» DATASET EXCERPT:
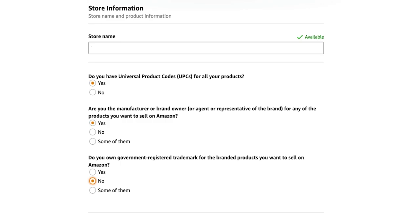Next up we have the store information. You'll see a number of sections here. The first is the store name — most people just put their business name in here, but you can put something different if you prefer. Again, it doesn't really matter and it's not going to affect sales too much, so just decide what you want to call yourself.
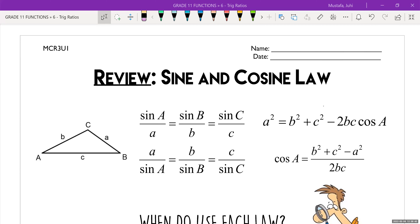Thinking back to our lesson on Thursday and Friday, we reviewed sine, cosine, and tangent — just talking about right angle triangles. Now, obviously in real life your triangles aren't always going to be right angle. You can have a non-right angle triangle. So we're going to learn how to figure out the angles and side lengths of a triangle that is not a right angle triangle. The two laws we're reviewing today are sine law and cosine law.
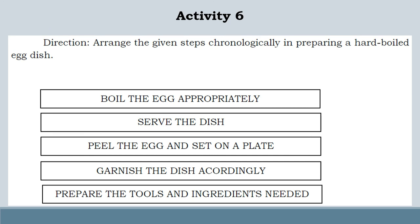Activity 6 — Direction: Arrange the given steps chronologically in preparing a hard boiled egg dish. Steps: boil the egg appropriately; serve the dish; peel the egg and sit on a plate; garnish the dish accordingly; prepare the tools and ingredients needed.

» PROBLEM TO WORK ON: With pictures excluded, the material is to be written out exactly as given.

» TASK SOLUTION:
Next up we have the store information. You'll see a number of sections here. The first is the store name — most people just put their business name in here, but you can put something different if you prefer. Again, it doesn't really matter and it's not going to affect sales too much, so just decide what you want to call yourself.
Thinking back to our lesson on Thursday and Friday, we reviewed sine, cosine, and tangent — just talking about right angle triangles. Now, obviously in real life your triangles aren't always going to be right angle. You can have a non-right angle triangle. So we're going to learn how to figure out the angles and side lengths of a triangle that is not a right angle triangle. The two laws we're reviewing today are sine law and cosine law.
Activity 6 — Direction: Arrange the given steps chronologically in preparing a hard boiled egg dish. Steps: boil the egg appropriately; serve the dish; peel the egg and sit on a plate; garnish the dish accordingly; prepare the tools and ingredients needed.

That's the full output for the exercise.